How to Raise Money from Angel Investors and Venture Capitalists
Chapter 9 - Quick Recap of the Steps
by Marshall Brain
Let's review the steps we've discussed in the previous chapters. The steps that a company typically takes to raise money from angel investors or venture capitalists look like this:
- You find a point of entry for the angel group or VC firm. You make sure that the group/firm is interested in investing with a company like yours and your company's stage. You meet someone who can provide you with an introduction so you are not submitting your application as an unknown company.
- You apply, providing things like a business plan, a description of your management team, and a Power Point deck.
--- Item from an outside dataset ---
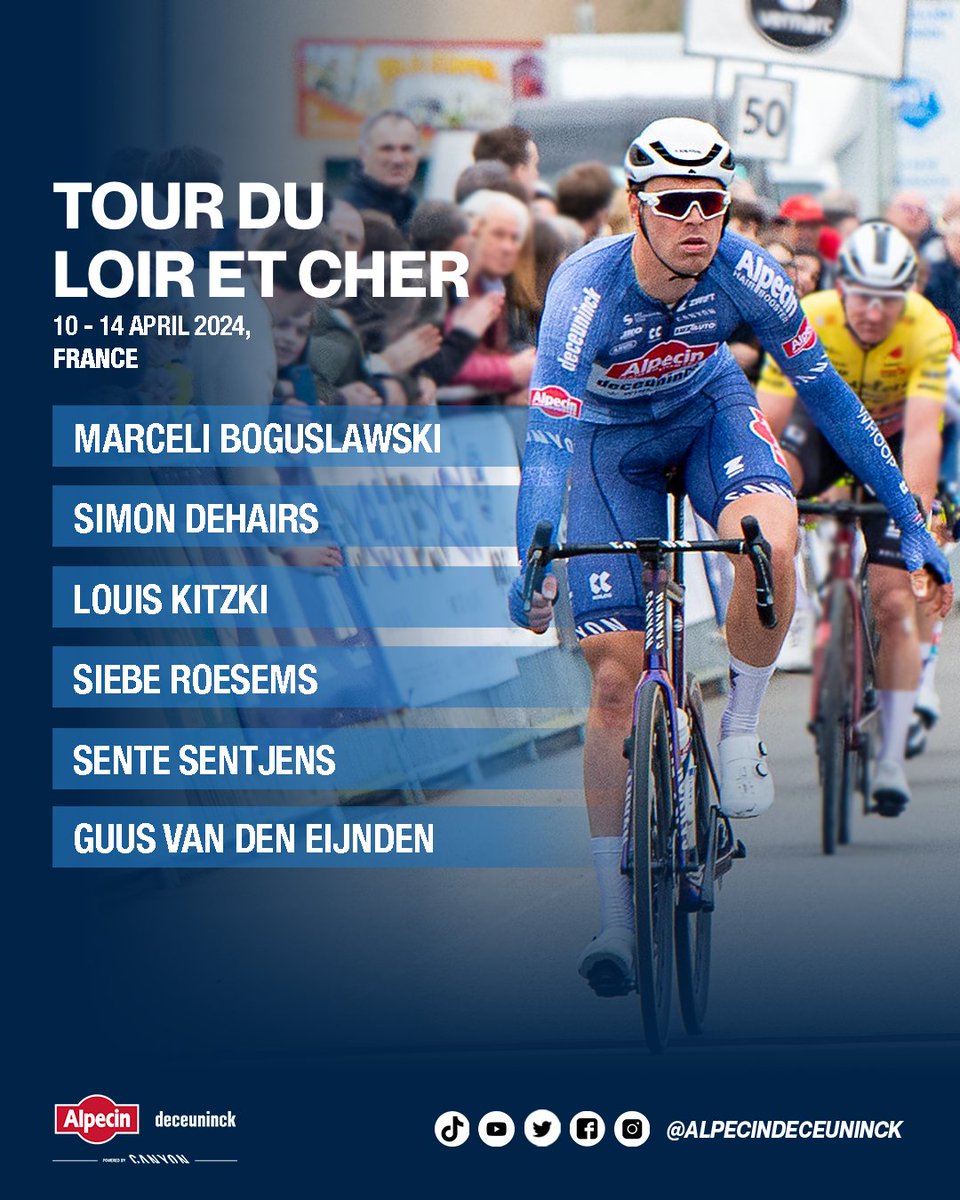 The season rumbles on! Our heroes who dominated in Hell are taking a break, but check out the lineup for @DeBrabantsePijl including @Quintenhermans, @laurance_axel, @kaden_groves and SKA. A top team once again. Wednesday also starts @tourloiretcher, a 5-day stage race 🇫🇷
- A screening committee looks at your application. Since you were referred in, this is usually a formality. Typically the screening committee is makiing sure that your company is not a Lifestyle company, that your company matches the profile sought by the firm, that you have an exit plan, that the market is large enough, that you have a qualified management team, etc.
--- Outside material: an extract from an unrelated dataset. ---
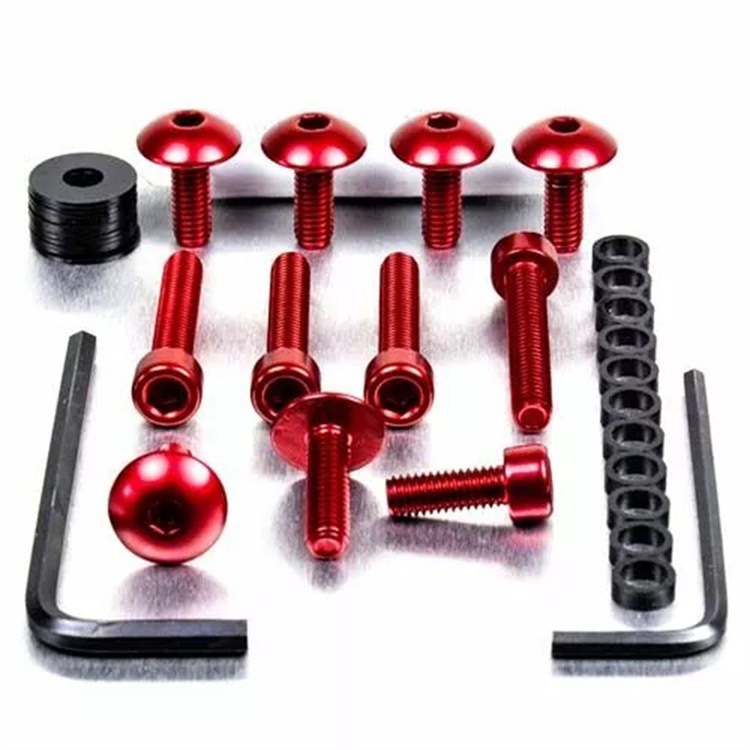 Kit viti carena Suzuki GSX 1400 (2001-2007) ergal Rosso Pro Bolt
- The executive committee or firm schedules a first face to face meeting.
- Typically at this first meeting you will do a presentation using your Power Point deck.
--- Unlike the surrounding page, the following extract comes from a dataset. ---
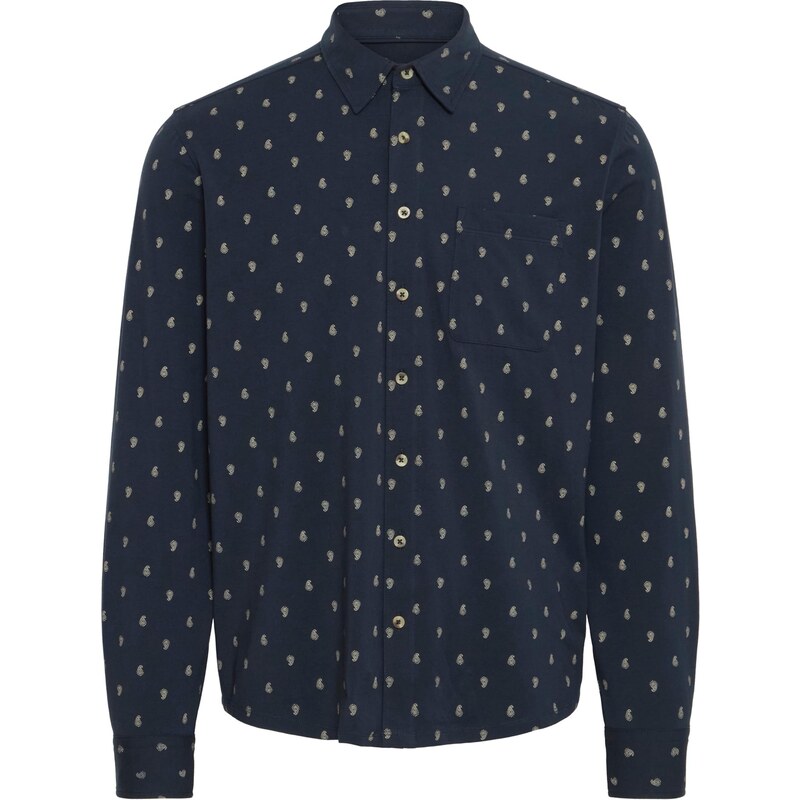 BLEND Košeľa BHDARVIN béžová / námornícka modrá 65323778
- An angel group will have an open discussion after your presentation and vote yay or nay on moving forward.
- Due Diligence part 1 - the 100 to 200 point questionnaire.
- Due Diligence part 2 with interviews of customers, references, employees, tech, etc.
- Having examined the results of Due Diligence there is a second vote.
- The exec committee produces a term sheet. It will state a valuation for the company, the amount of money the firm plans to invest and any conditions - board seat, observer rights, monitoring, etc.
- If the term sheet is agreed to by both parties, legal documents are drawn up.
- Once the legal documents are signed, money is wired into your company's bank account. The relationship with the investor begins in earnest.
- There may be more funding, series B, C, etc.
- You move your company toward your liquidity event (acquisition or public offering) which provides your exit for investors.